Twitter is being sued in France for failing to disclose the identities of users wrapped up in an anti-Semitic hashtag controversy that has spanned five months.
Here’s my attempt to make a long story short:
Back in October of 2012, a hashtag emerged on Twitter that many users found exceedingly offensive. The hashtag, #unbonjuif, roughly translates to “a good jew.” Some Twitter users jumped on the hashtag, posting photos of dust-filled dustpans and other anti-Semitic jokes alongside the hashtag.
A handful of French anti-racism groups called out Twitter, asking that the site remove all of the offending tweets. Eventually, as the pressure mounted, Twitter complied.
But some of the groups, including the French Jewish Students Union (UEJF), decided to push Twitter a bit further. They demanded that Twitter give up the names of all of the users associated with the #unbonjuif tweets, so that they could be prosecuted under local anti-hate speech laws.
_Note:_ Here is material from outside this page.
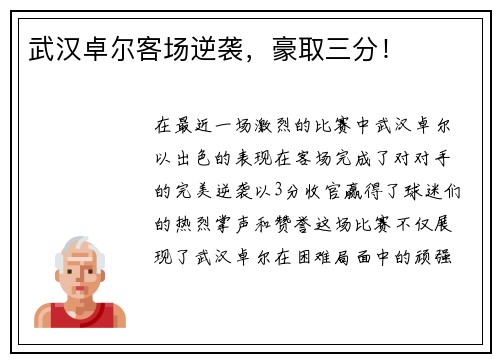 武汉卓尔客场逆袭，豪取三分！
Twitter wasn’t too keen on this idea, and that led the UEJF to file a summons against the company back in November.
In January, a French court ruled that Twitter must provide the identities of the requested users, to comply with French law. Twitter said that they would review the decision.
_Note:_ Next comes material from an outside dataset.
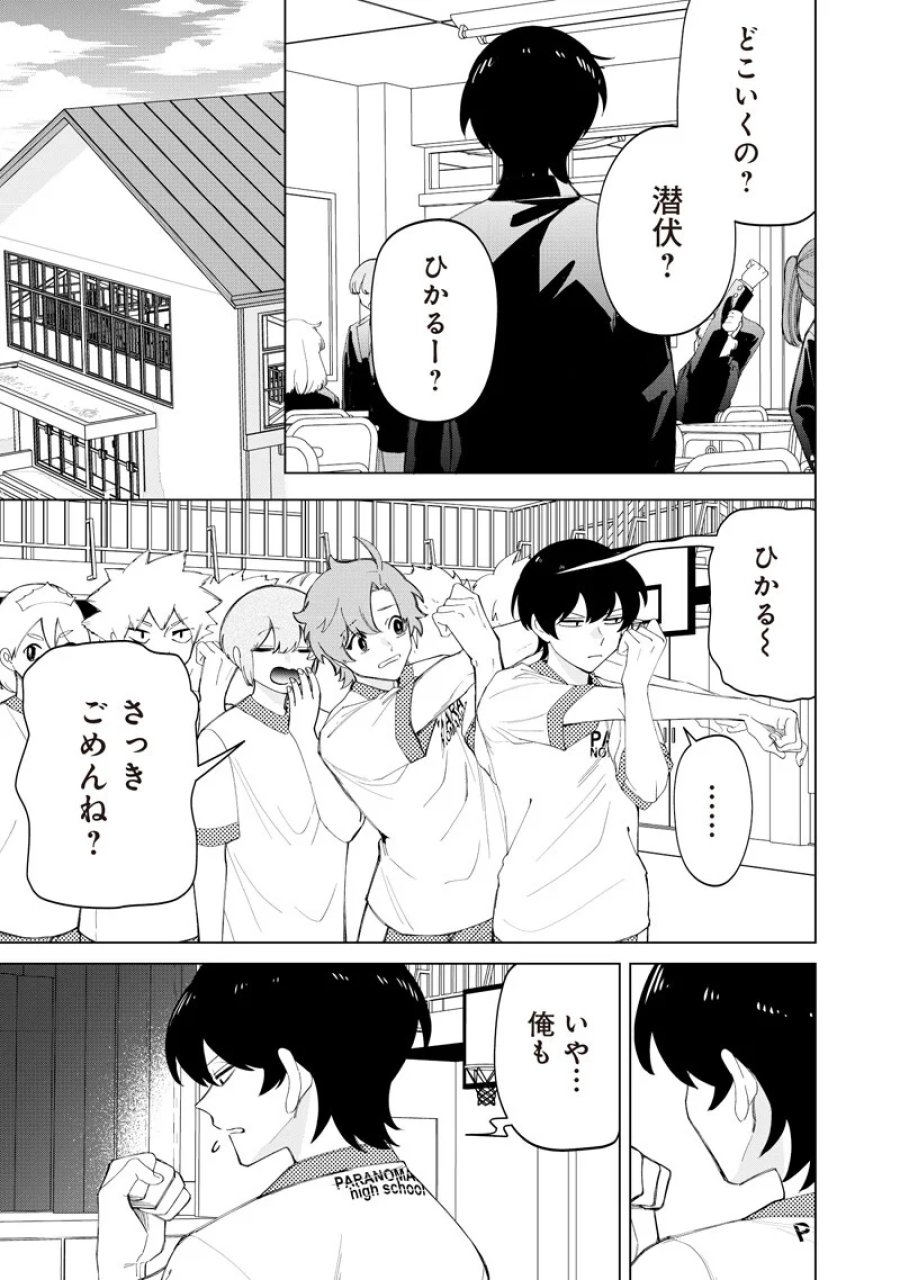 しれっとすげぇこと言ってるギャル。ー私立バラの丸高校の日常ー 第52話 - Page 9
And that brings us up to date. The UEJF has officially taken action against Twitter, suing them for roughly $50 million for failing to carry through with the court’s order. Twitter apparently had two weeks to hand over the names, and that time has come and gone.
“Twitter is playing the indifference card and does not respect the ruling,” said UEJF President Jonathan Hayoun. “They have resolved to protect the anonymity of the authors of these tweets and have made themselves accomplices to racists and anti-Semites.”
Twitter reserves the right to give up any information it holds on users if requested by law enforcement or by a court order. They say so in their terms of service – this is not part of the debate. In the past, however, Twitter has gone to bat to protect user privacy when they sense some government overreach. In September of 2012, Twitter gave in to the Manhattan D.A.’s office and gave up the deleted, inaccessible tweets of an Occupy Wall Street protester – but only after they fought it tooth and nail.
You may remember that they also blocked a neo-Nazi account in Germany last year, utilizing their self-appointed authority to censor content locally if they saw fit. Blocking or removing content is one thing, but disclosing the identities of users in order to aid in regional hate-speech laws is a different ballgame.